··· PROVIDED MATERIAL ···
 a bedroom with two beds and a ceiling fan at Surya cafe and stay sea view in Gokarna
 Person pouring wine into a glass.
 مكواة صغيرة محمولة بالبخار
···
▶ **ASSIGNED TASK**
In the listing above, find the line that contains "Person pouring wine into a glass.". Write it out exactly, along with each line after it up to and including the last.

▶ **ANSWER TO THIS TASK**
 Person pouring wine into a glass.
 مكواة صغيرة محمولة بالبخار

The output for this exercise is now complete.